_GOAL OF THE EXERCISE_: Given the records underneath, please repeat exactly the lines from the line with "Unit Upper - 41" through the line with "Jordan 1 Mid Triple White 착용 스타일", passing over any picture.

_INFORMATION PROVIDED_:
##########
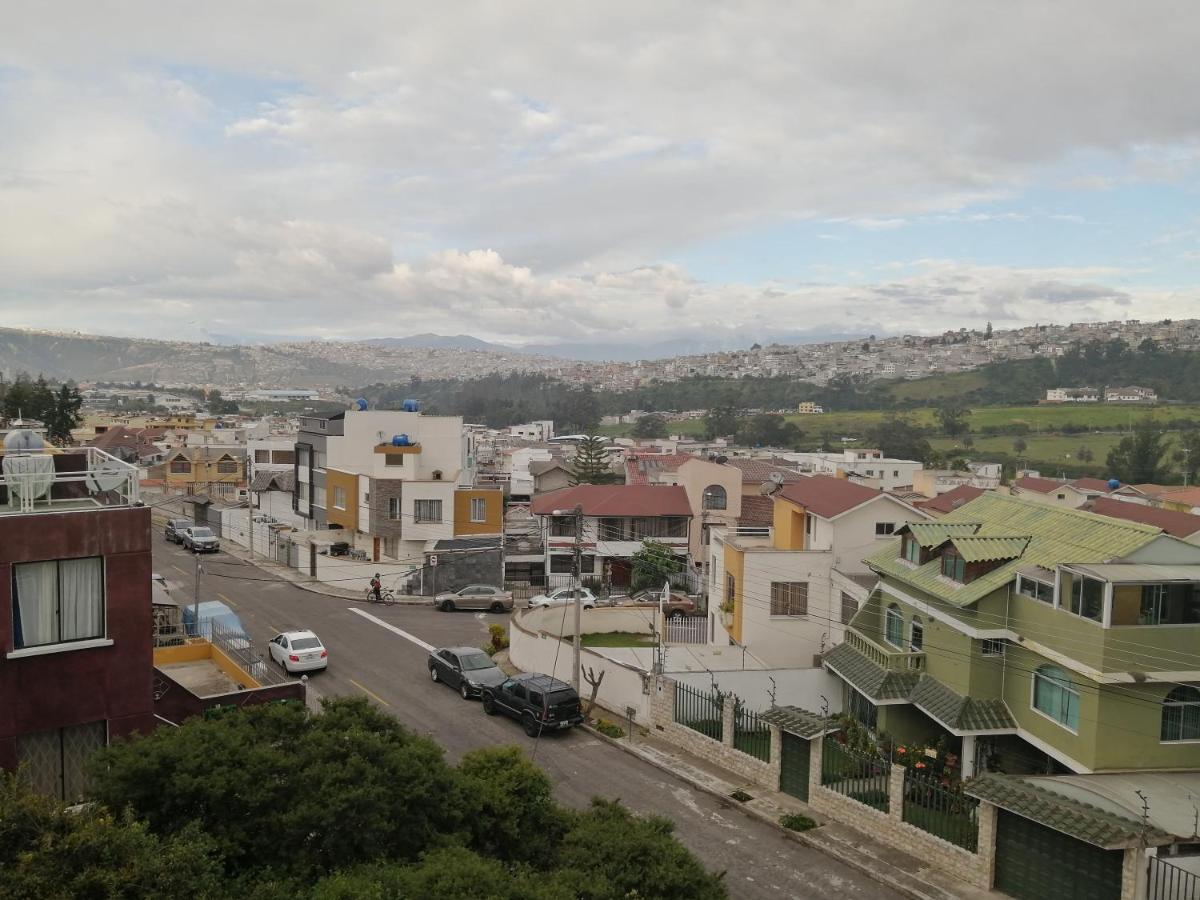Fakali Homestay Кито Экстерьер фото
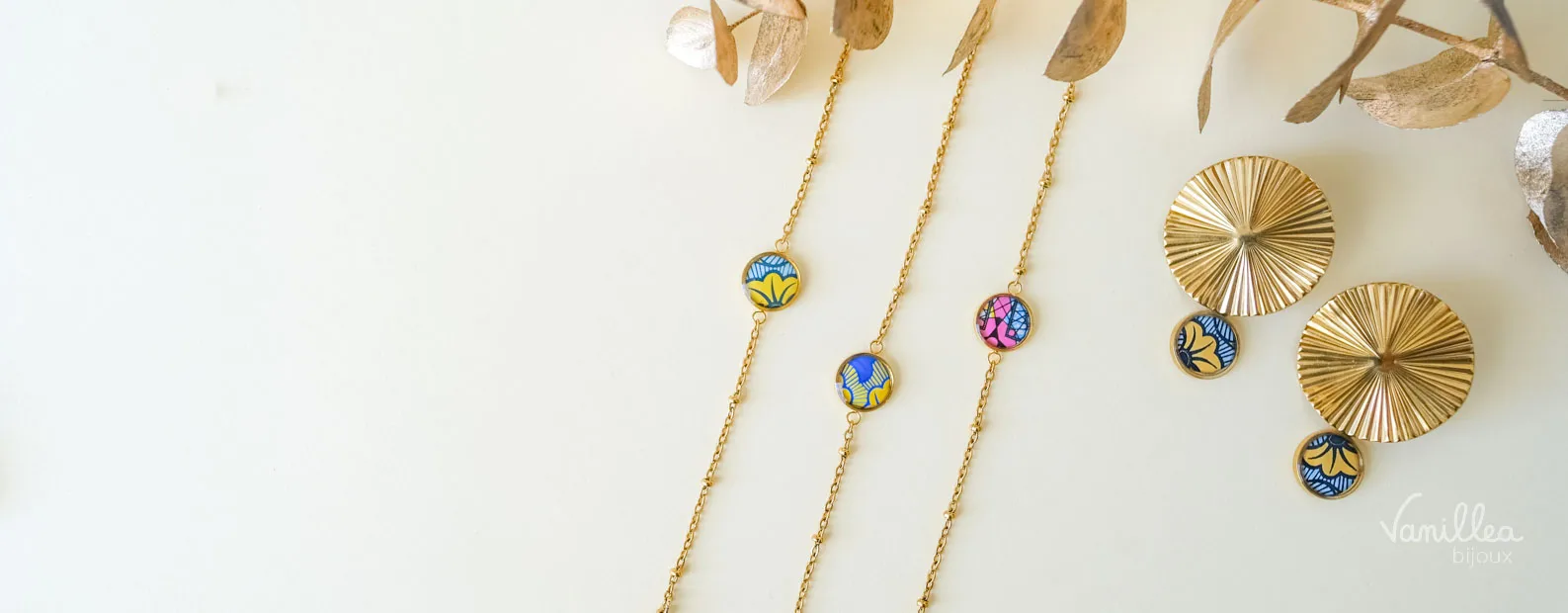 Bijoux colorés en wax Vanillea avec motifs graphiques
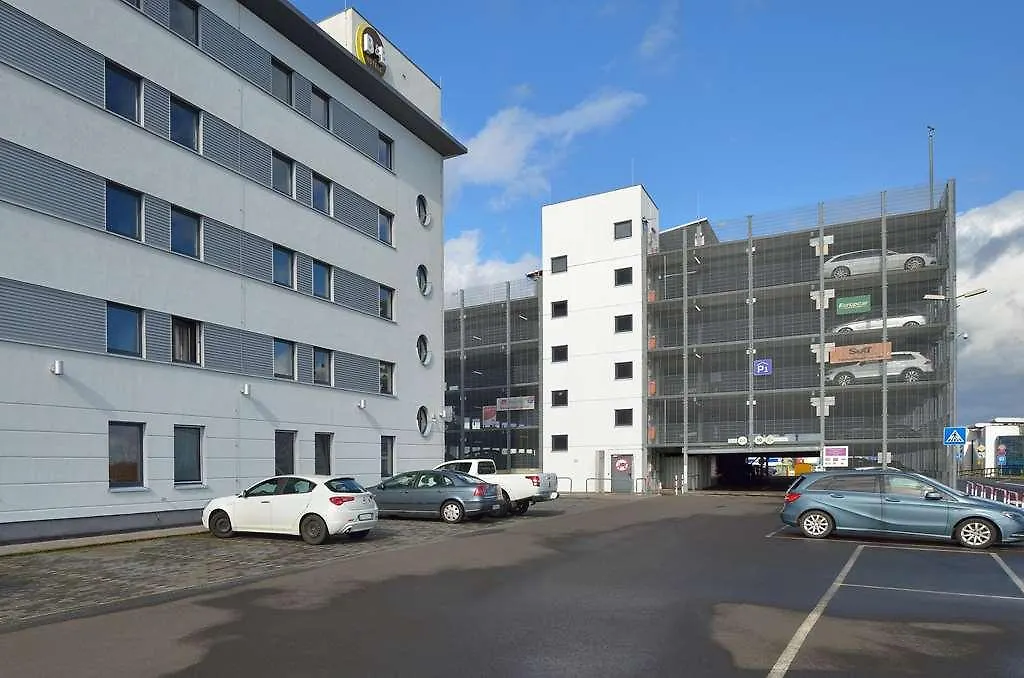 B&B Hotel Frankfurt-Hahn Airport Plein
##########
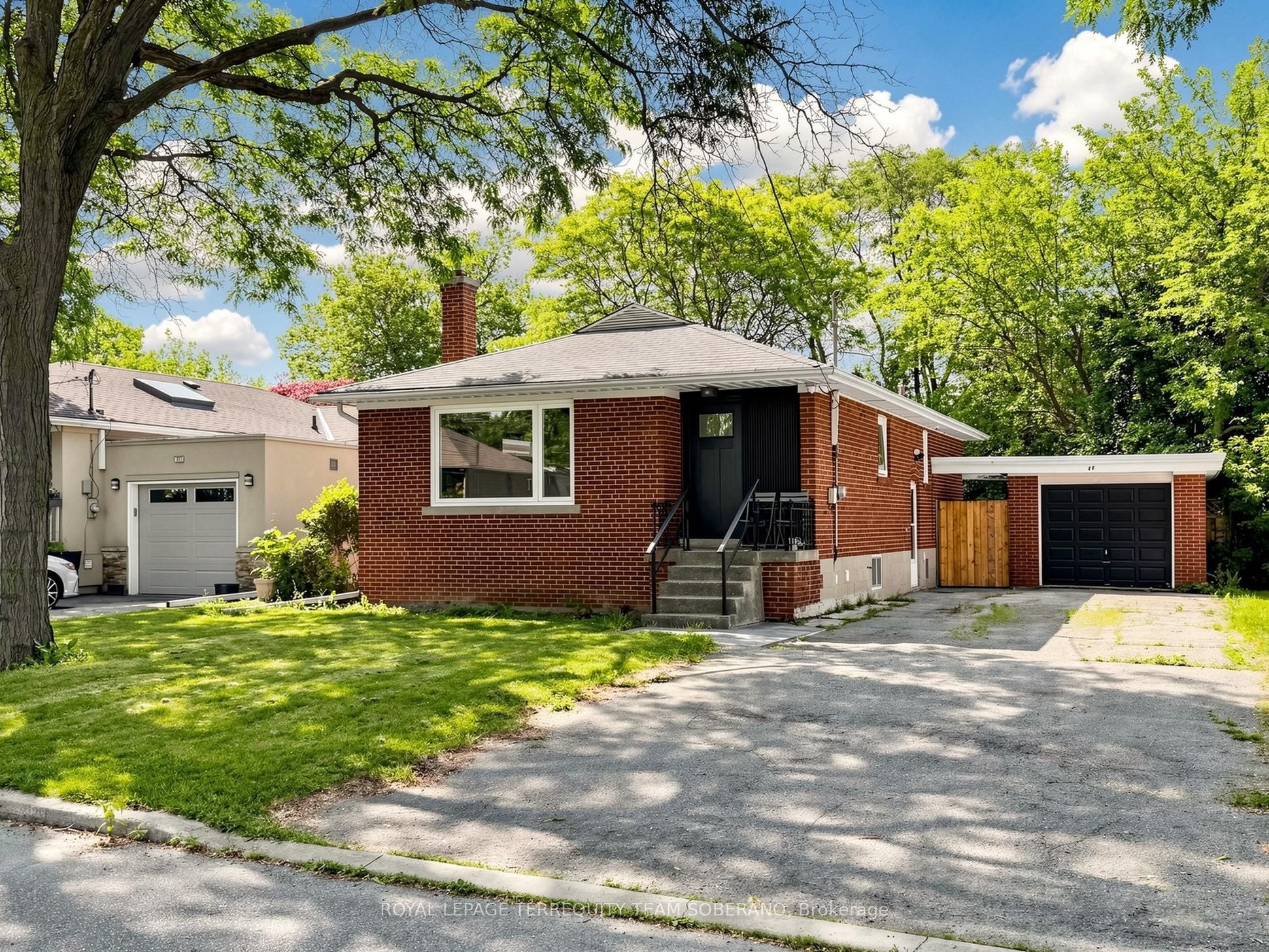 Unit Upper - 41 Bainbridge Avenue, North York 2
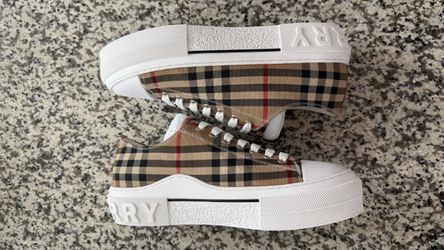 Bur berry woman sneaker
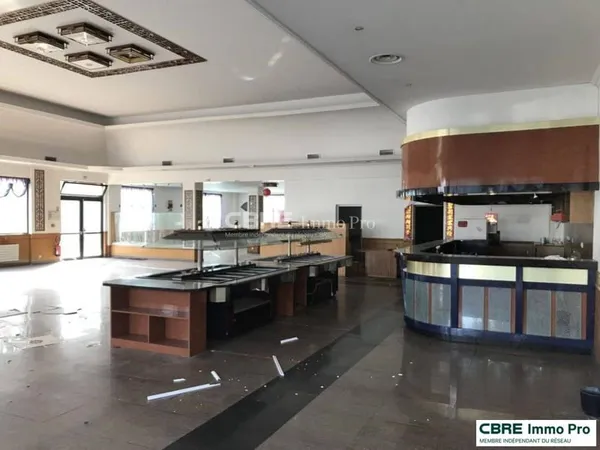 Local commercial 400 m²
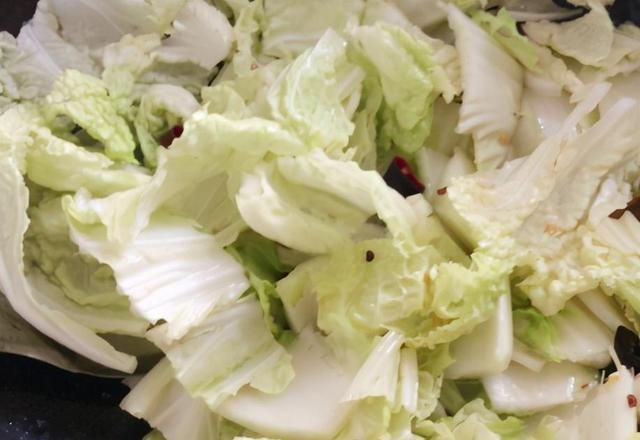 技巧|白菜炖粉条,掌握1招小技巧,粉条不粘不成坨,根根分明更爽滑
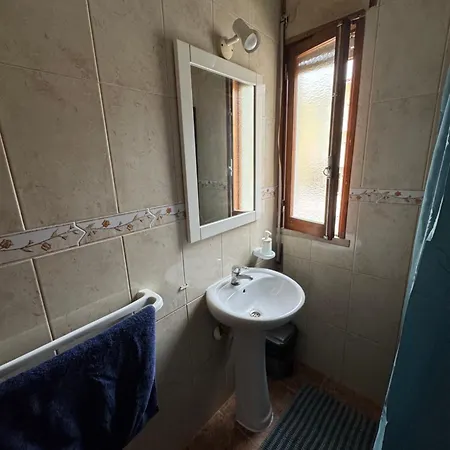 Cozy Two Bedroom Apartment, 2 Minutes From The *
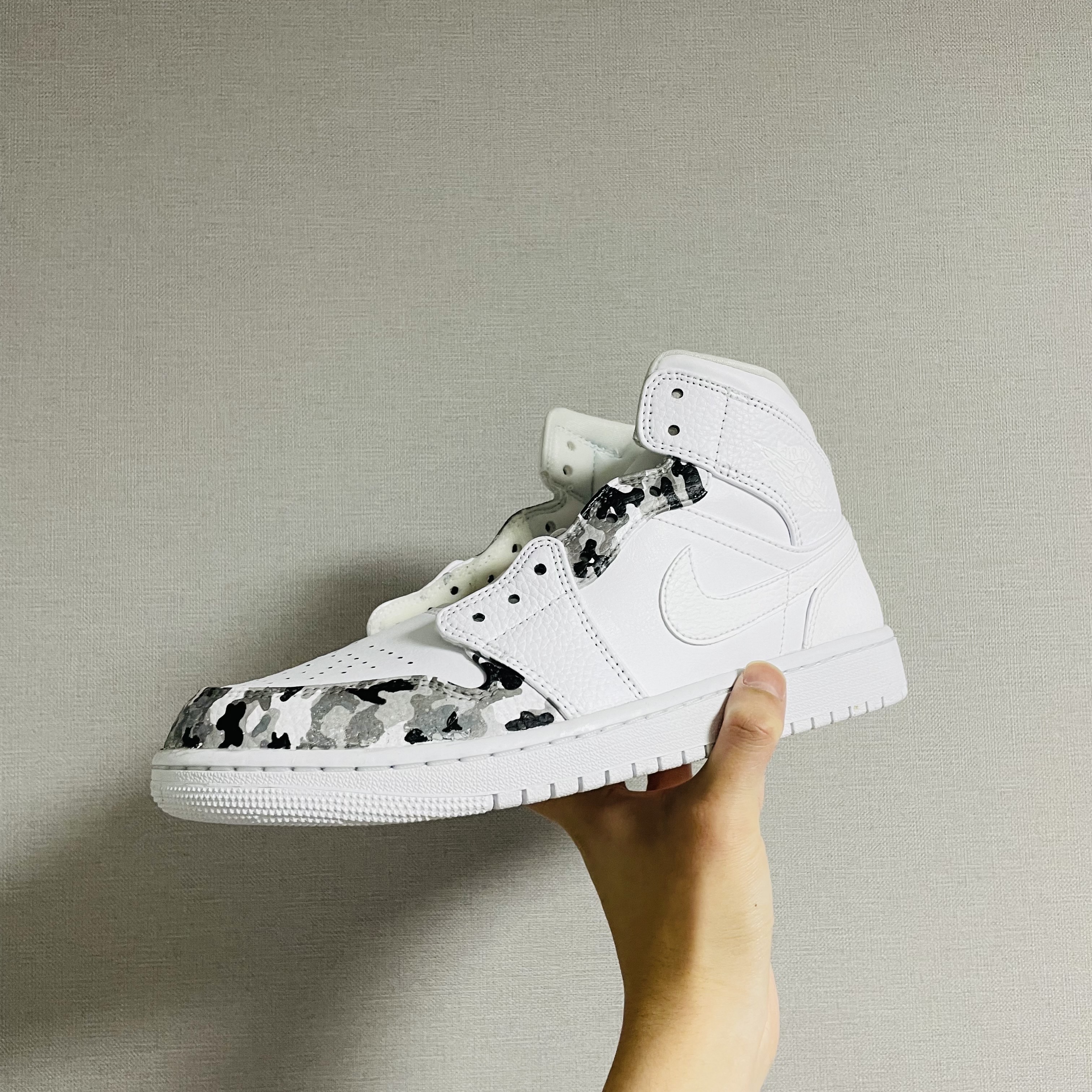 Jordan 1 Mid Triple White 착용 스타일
##########
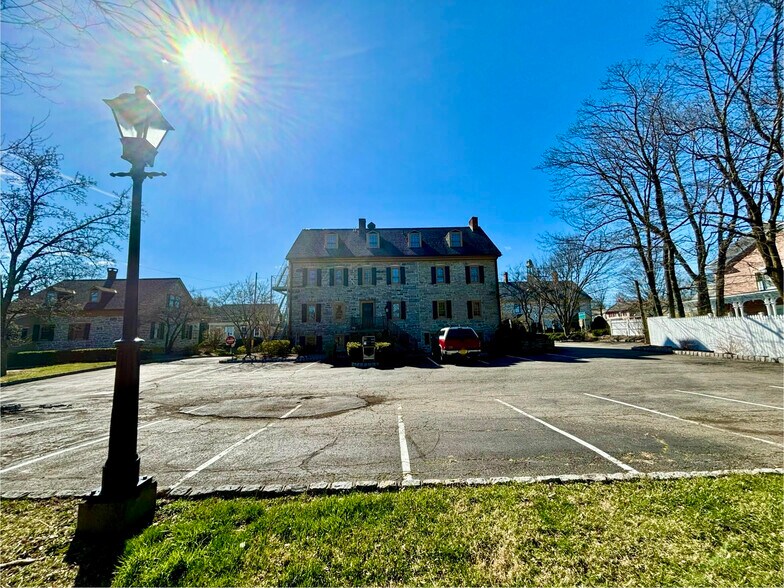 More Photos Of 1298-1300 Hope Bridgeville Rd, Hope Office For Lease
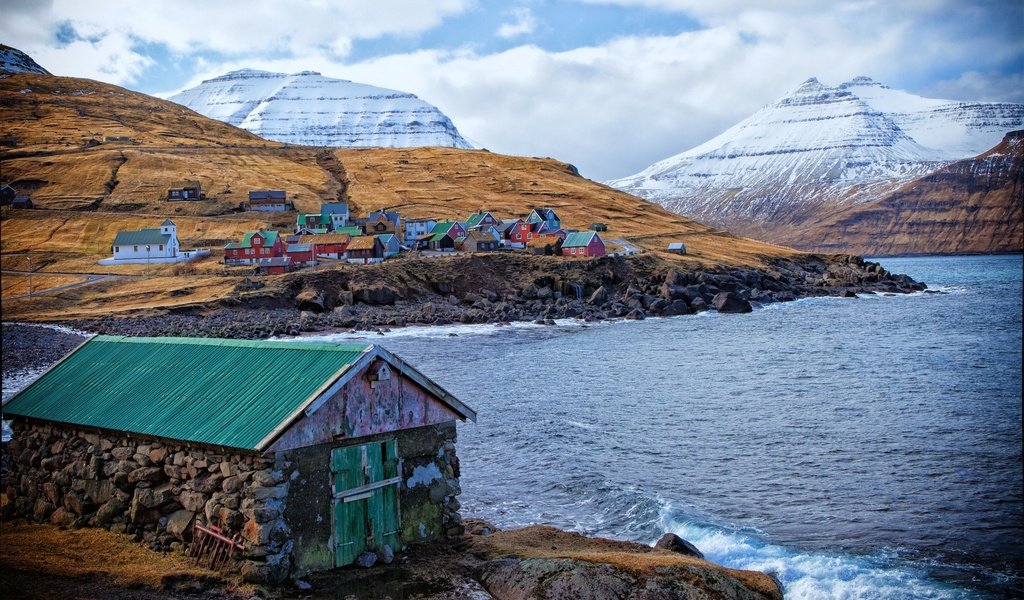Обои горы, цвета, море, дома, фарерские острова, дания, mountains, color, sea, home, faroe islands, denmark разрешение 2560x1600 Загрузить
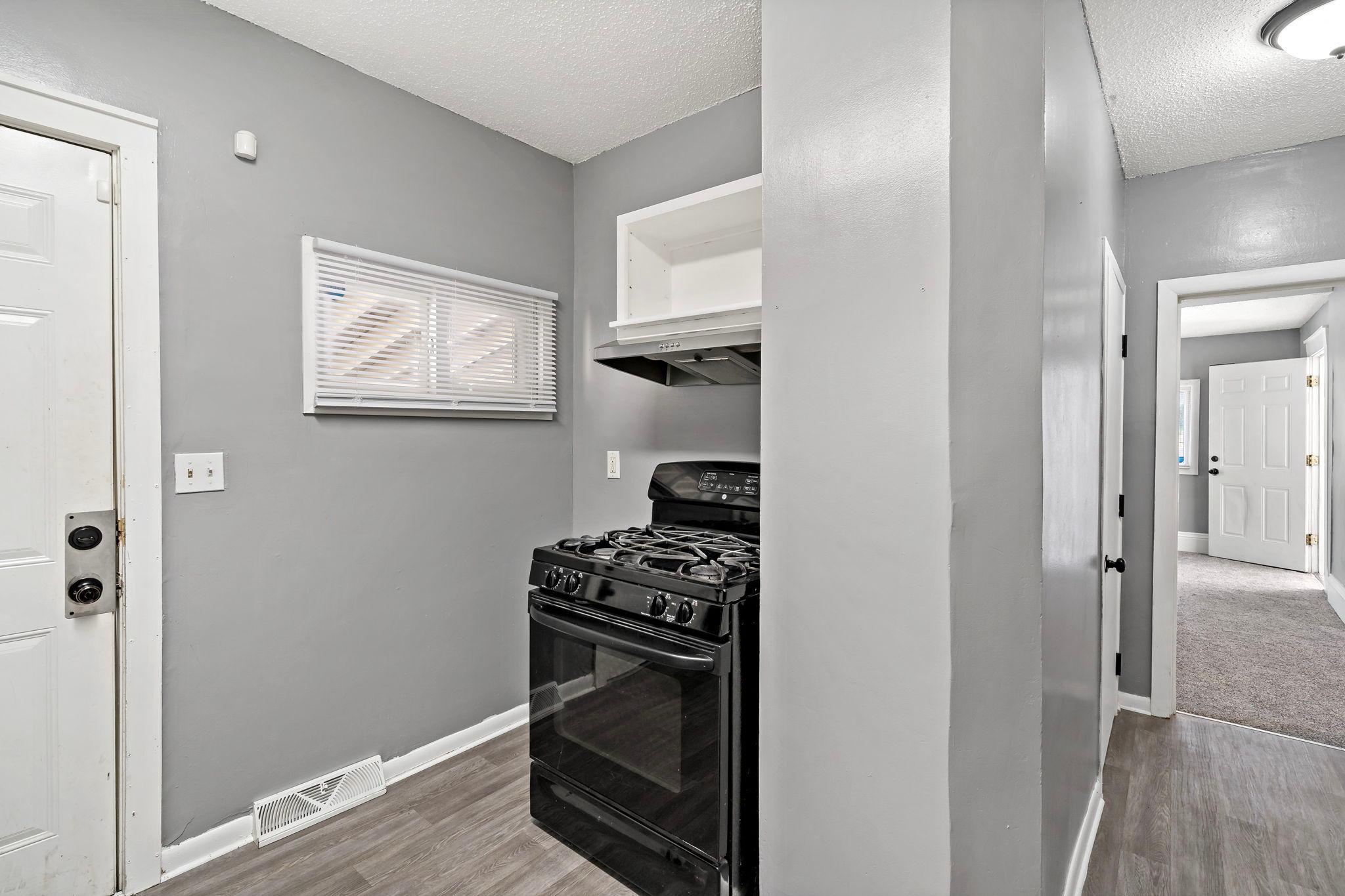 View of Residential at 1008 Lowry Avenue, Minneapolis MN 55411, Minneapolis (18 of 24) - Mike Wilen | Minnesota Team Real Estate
##########
_RESPONSE AREA_:
 Unit Upper - 41 Bainbridge Avenue, North York 2
 Bur berry woman sneaker
 Local commercial 400 m²
 技巧|白菜炖粉条,掌握1招小技巧,粉条不粘不成坨,根根分明更爽滑
 Cozy Two Bedroom Apartment, 2 Minutes From The *
 Jordan 1 Mid Triple White 착용 스타일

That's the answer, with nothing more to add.